Basic problem in AD conversion design

The AD program is designed to imitate an existing program. After making modifications, I spent about a week debugging it. I struggled with how to adjust and debug it effectively. Eventually, with the teacher's guidance, I identified the root cause. On one hand, my debugging approach was incorrect. On the other hand, my understanding of the datasheet was insufficient. There are several key points:

1. The debugging method was wrong. I wrote the program myself and then tried to modify someone else’s code. The code became messy, making it hard to identify errors. Multiple issues could exist, and it was difficult to track them down.

2. I lacked a proper debugging strategy. I should have analyzed the software first. If there were no software errors, I should have checked for hardware problems. I felt confused during the process, without a clear sequence or structure.
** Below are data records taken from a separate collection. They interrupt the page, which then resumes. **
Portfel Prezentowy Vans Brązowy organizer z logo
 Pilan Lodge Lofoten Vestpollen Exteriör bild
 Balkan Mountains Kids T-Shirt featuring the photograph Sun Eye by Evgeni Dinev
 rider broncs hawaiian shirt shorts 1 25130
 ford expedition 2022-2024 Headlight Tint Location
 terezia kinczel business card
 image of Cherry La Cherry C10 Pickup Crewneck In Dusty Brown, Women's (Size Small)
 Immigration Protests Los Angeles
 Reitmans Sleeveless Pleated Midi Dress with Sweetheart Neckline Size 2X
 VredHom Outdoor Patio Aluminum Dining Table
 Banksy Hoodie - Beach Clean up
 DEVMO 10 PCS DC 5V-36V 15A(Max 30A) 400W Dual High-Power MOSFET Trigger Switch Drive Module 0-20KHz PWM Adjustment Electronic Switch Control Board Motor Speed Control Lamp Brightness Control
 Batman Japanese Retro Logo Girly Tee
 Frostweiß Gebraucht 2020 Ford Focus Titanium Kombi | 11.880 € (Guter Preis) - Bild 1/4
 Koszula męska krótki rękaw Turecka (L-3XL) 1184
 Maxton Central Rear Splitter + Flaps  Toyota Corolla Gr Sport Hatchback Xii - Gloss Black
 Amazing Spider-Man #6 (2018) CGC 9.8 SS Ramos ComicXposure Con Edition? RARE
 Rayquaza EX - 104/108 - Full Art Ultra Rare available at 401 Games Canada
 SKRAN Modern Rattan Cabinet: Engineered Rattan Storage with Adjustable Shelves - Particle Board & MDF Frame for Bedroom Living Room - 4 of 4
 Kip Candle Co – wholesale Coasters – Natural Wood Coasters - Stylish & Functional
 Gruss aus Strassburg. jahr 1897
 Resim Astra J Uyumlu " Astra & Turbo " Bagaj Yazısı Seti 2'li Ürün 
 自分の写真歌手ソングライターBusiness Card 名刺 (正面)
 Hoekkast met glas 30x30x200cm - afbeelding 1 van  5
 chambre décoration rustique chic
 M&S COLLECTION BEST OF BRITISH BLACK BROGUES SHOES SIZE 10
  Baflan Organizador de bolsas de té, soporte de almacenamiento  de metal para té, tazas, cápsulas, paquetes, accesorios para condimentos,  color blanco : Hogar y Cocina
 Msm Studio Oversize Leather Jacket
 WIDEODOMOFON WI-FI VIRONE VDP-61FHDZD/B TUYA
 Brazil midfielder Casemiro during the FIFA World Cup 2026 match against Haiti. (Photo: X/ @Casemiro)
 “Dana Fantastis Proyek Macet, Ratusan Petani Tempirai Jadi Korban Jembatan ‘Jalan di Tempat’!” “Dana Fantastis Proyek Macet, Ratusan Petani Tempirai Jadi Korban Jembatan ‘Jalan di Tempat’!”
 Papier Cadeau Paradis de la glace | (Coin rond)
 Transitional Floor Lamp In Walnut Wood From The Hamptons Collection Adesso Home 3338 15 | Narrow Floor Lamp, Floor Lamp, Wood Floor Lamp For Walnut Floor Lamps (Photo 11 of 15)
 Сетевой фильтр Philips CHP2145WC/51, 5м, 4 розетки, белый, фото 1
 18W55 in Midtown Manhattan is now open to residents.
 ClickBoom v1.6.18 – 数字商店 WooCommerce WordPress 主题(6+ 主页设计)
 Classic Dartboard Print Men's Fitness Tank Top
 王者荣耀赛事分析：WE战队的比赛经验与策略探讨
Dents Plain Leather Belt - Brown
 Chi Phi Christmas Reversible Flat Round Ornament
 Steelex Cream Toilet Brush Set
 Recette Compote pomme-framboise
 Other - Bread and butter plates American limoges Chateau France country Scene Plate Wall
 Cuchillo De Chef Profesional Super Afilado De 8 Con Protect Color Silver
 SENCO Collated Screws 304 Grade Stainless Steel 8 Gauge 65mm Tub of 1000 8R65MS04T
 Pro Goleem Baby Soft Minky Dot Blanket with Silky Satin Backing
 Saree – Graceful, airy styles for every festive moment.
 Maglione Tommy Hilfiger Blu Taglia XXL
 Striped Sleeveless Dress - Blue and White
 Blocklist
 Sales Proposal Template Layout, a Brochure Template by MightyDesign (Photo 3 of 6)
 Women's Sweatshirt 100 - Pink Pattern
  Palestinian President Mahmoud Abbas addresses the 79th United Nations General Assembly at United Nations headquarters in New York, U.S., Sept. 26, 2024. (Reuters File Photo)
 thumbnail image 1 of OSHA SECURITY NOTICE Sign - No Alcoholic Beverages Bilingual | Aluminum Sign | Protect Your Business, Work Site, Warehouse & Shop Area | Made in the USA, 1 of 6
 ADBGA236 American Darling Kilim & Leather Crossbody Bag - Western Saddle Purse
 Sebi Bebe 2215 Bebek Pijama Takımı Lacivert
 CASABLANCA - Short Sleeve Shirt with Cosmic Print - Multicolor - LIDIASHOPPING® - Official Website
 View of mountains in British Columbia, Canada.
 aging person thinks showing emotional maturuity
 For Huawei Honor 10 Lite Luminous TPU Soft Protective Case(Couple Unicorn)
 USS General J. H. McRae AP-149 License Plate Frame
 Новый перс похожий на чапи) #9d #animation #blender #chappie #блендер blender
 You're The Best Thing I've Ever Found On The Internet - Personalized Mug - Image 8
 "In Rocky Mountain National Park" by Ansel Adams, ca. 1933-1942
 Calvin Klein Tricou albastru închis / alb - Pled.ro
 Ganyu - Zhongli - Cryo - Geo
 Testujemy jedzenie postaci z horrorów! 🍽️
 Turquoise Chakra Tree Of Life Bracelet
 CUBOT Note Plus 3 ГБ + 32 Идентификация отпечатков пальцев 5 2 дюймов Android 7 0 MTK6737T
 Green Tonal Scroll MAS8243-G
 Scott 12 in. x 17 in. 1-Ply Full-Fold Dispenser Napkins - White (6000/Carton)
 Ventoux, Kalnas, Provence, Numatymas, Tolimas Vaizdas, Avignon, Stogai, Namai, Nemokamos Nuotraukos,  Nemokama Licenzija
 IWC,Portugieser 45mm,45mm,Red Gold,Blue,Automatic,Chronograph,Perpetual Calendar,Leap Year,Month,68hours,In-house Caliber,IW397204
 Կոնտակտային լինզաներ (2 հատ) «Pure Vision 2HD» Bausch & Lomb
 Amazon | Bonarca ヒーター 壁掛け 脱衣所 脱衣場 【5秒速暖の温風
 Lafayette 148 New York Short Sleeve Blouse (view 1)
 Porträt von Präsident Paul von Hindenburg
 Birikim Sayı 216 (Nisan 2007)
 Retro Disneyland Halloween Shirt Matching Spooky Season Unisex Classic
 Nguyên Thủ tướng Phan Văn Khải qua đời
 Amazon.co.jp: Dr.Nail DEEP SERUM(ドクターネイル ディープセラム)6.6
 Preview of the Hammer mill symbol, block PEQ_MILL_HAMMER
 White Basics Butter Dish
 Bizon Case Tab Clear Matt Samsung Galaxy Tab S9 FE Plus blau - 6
Finally, I pinpointed the issue. It turned out that my understanding of the datasheet was incomplete—specifically, the timing between SCL and SDA. When SCL is high, SDA is valid, but the order wasn’t correct. This caused timing confusion and prevented data from being read properly.

Error One:

Correct: void slave_NOACK(void)

{

SDA = 1; //

SCL = 1; // This line is critical. If SCL is set before SDA, the previous SDA state might be considered valid, leading to unexpected behavior.

delayNOP();

SDA = 0;

SCL = 0;

}

Incorrect: void slave_noack()

{

SCL=1;

SDA=1;

delayNop();

SDA=0;

SCL=0;

}

Error Two: The IIC bus initialization was missing. Without it, the IIC might be in an active state, disrupting the timing of the AD conversion.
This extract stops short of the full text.